Every line below from the one with "Januar 2026 Kalender." through the one with "Kids Play Tent" is to be repeated exactly, with no picture among them.

**DATA SUPPLIED**
##############################
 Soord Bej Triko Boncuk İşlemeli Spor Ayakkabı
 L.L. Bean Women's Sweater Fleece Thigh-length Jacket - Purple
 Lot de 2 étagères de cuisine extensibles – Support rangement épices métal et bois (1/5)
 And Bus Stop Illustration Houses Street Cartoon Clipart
##############################
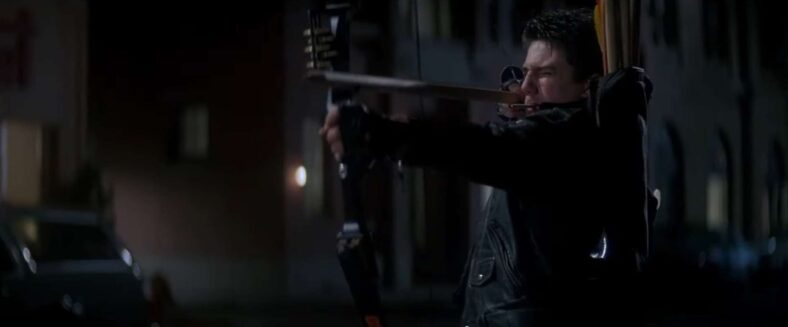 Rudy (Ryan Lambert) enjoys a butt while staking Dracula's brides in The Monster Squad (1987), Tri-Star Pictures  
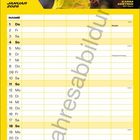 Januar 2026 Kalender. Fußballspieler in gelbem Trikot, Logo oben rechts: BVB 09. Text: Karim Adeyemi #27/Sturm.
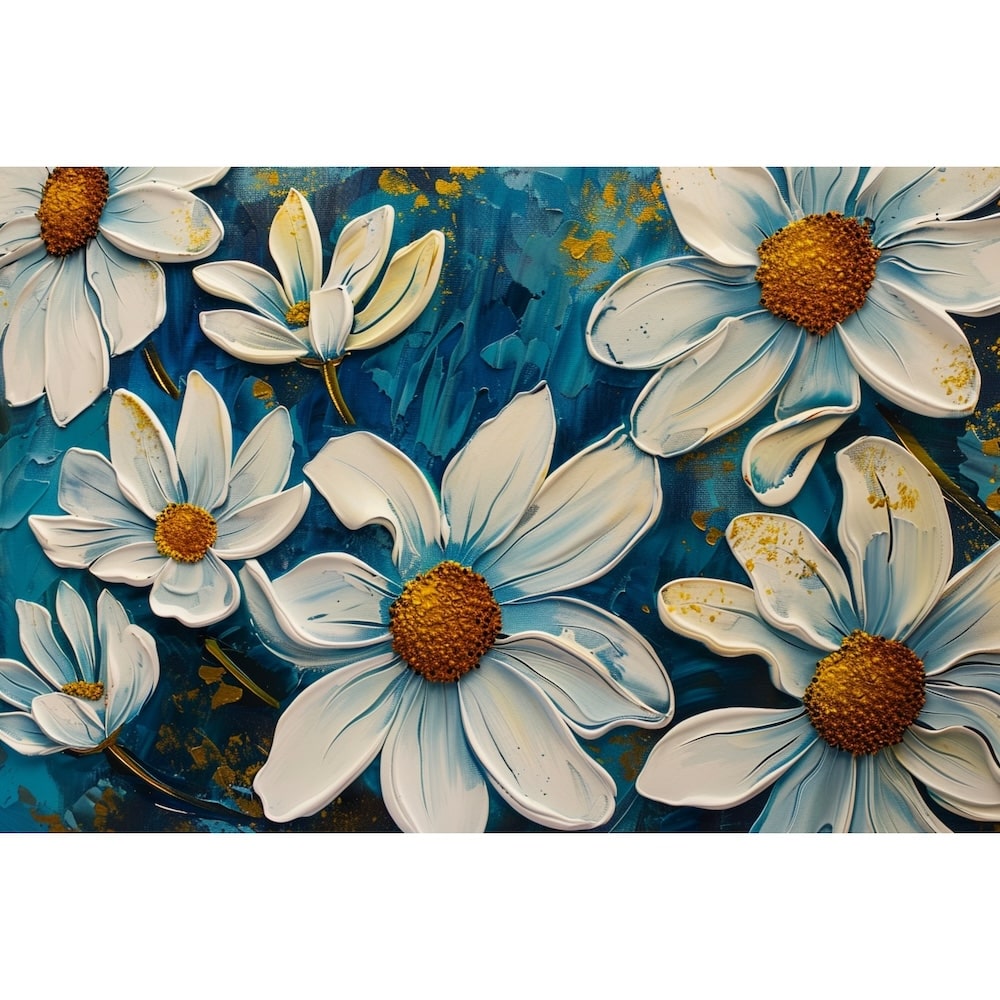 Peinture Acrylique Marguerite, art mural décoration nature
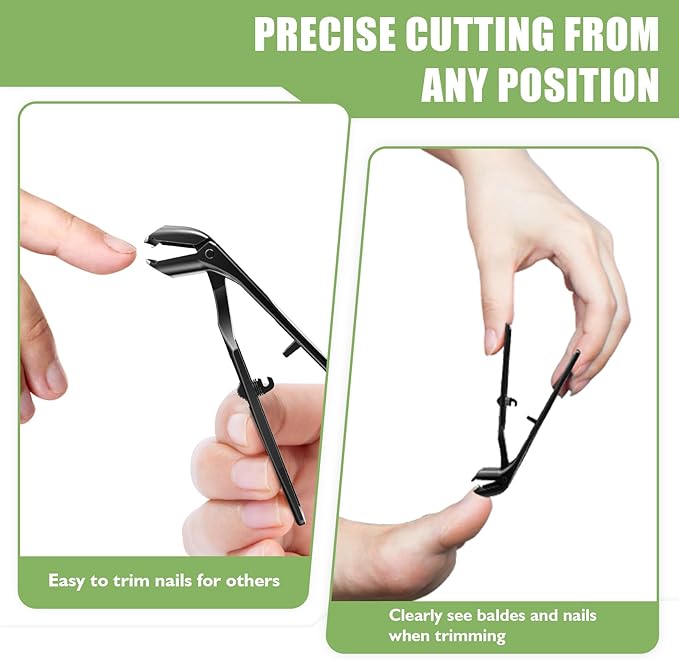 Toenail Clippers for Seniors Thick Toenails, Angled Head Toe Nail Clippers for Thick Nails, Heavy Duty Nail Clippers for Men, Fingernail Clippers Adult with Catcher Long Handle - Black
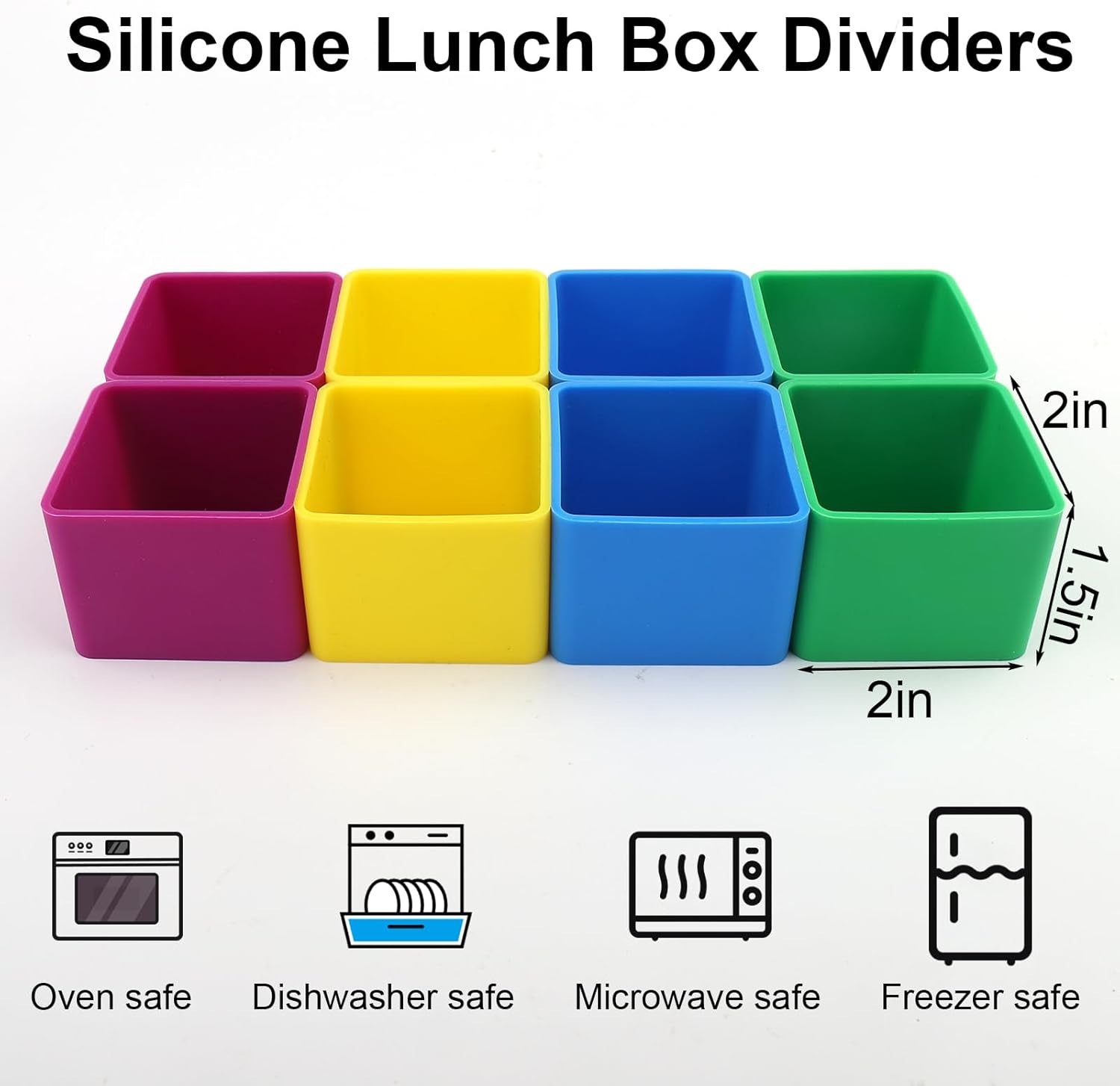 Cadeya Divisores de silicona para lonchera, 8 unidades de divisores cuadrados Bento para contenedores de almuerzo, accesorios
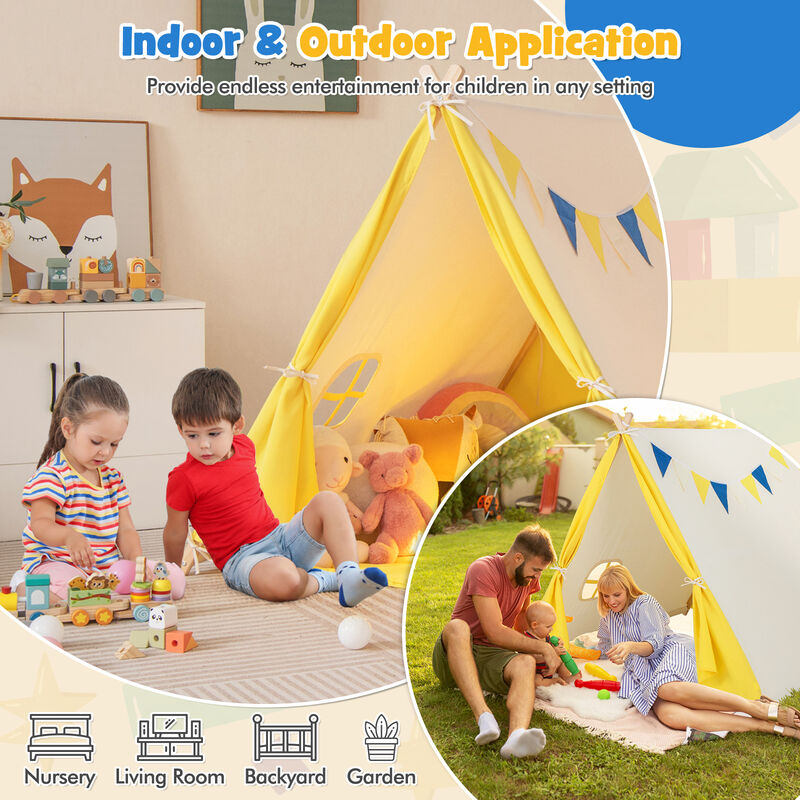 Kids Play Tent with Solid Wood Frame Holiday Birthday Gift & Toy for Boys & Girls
##############################
**EXERCISE ANSWER**
 Januar 2026 Kalender. Fußballspieler in gelbem Trikot, Logo oben rechts: BVB 09. Text: Karim Adeyemi #27/Sturm.
 Peinture Acrylique Marguerite, art mural décoration nature
 Toenail Clippers for Seniors Thick Toenails, Angled Head Toe Nail Clippers for Thick Nails, Heavy Duty Nail Clippers for Men, Fingernail Clippers Adult with Catcher Long Handle - Black
 Cadeya Divisores de silicona para lonchera, 8 unidades de divisores cuadrados Bento para contenedores de almuerzo, accesorios
 Kids Play Tent with Solid Wood Frame Holiday Birthday Gift & Toy for Boys & Girls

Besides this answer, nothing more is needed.